Maze Runner – La Fuga – Recensione

Pubblicato il 17 Ottobre 2015 alle 23:50

Sfuggiti al labirinto della misteriosa organizzazione WCKD, Thomas e i suoi compagni vengono ospitati in una struttura insieme ad altri giovani superstiti. Quando scoprono di essere finiti in una trappola, i ragazzi sono costretti ad avventurarsi nella Zona Bruciata, un territorio desertificato dalle eruzioni solari dove devono vedersela con pericolosi infetti noti come Spaccati mentre cercano un gruppo di ribelli che potrebbe aiutarli.

Maze Runner

Nonostante alcune dinamiche young adult abbastanza risapute e qualche irritante ingenuità di sceneggiatura, Maze Runner – Il labirinto riusciva a trascinare il pubblico grazie al mistero che reggeva la storia, almeno fino alla banale rivelazione finale, ed aveva il merito di evitare le stucchevoli smancerie che spesso gravano su prodotti di questo genere. A distanza di appena un anno, arriva nelle sale il sequel, sempre diretto da Wes Ball, proseguendo l’adattamento dalla saga letteraria di James Dashner che giungerà al quinto volume nel 2016.

Purtroppo questo secondo episodio diventa una convenzionale avventura post-apocalittica che vede i protagonisti aggirarsi in un’ambientazione alla Mad Max creata dalla Weta Digital di Peter Jackson. Puoi chiamarli “Spaccati”, puoi chiamarli infetti, puoi chiamarli mutanti ma alla fine si tratta sempre dei soliti zombi, ormai abusatissimi, animati in CGI e pretesto per un paio di scene d’azione scopiazzate ad altri film.

I personaggi non denotano un minimo di background. Il protagonista Thomas continua ad essere monodimensionale e comincia ad essere imbastito il consueto triangolo sentimentale alla Hunger Games con Kaya Scodelario, la simil-Kristen Stewart introdotta nell’episodio precedente, e la new entry Rosa Salazar, già nello young adult Insurgent. I cattivi genitori putativi della situazione sono Aidan Gillen, noto per il ruolo di Petyr Baelish in Game of Thrones, e Patricia Clarkson. L’organizzazione WCKD ricorda sempre di più la Umbrella Corporation della saga cinematografica di Resident Evil.

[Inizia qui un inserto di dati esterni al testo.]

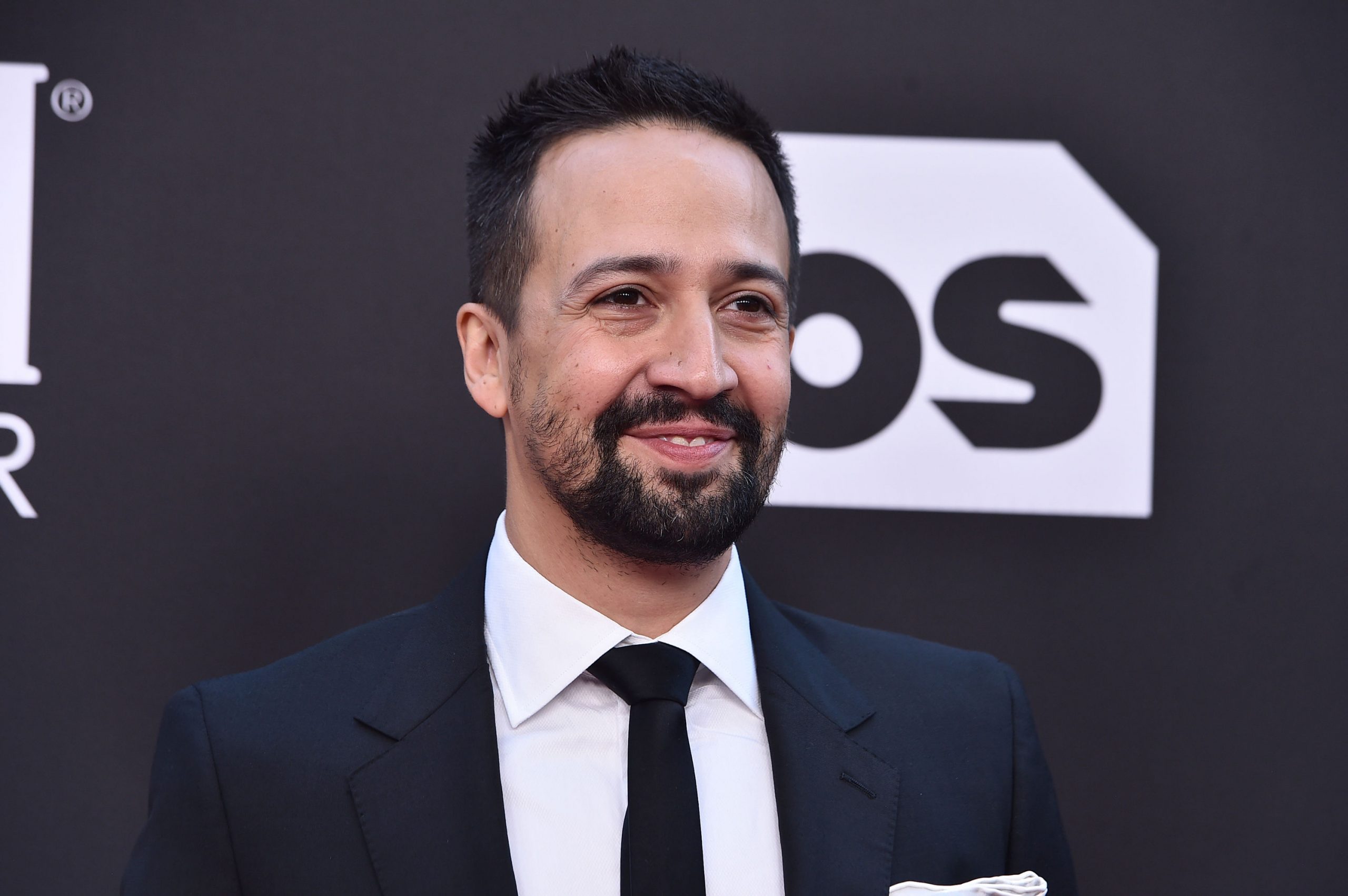 Lin-Manuel Miranda to miss Oscars after wife tests positive for COVID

Il regista cerca di evitare ogni lentezza e predilige sempre l’action mantenendo un ritmo piuttosto serrato, commettendo poi l’errore di impantanarsi nell’intimismo proprio nella parte finale che prelude ad un inconcludente scaramuccia ed apre al terzo episodio. I 130 minuti di durata sono comunque eccessivi per un prodotto che non ha davvero nulla di nuovo da dire e che butta alle ortiche anche le poche cose buone che si erano viste nel primo capitolo.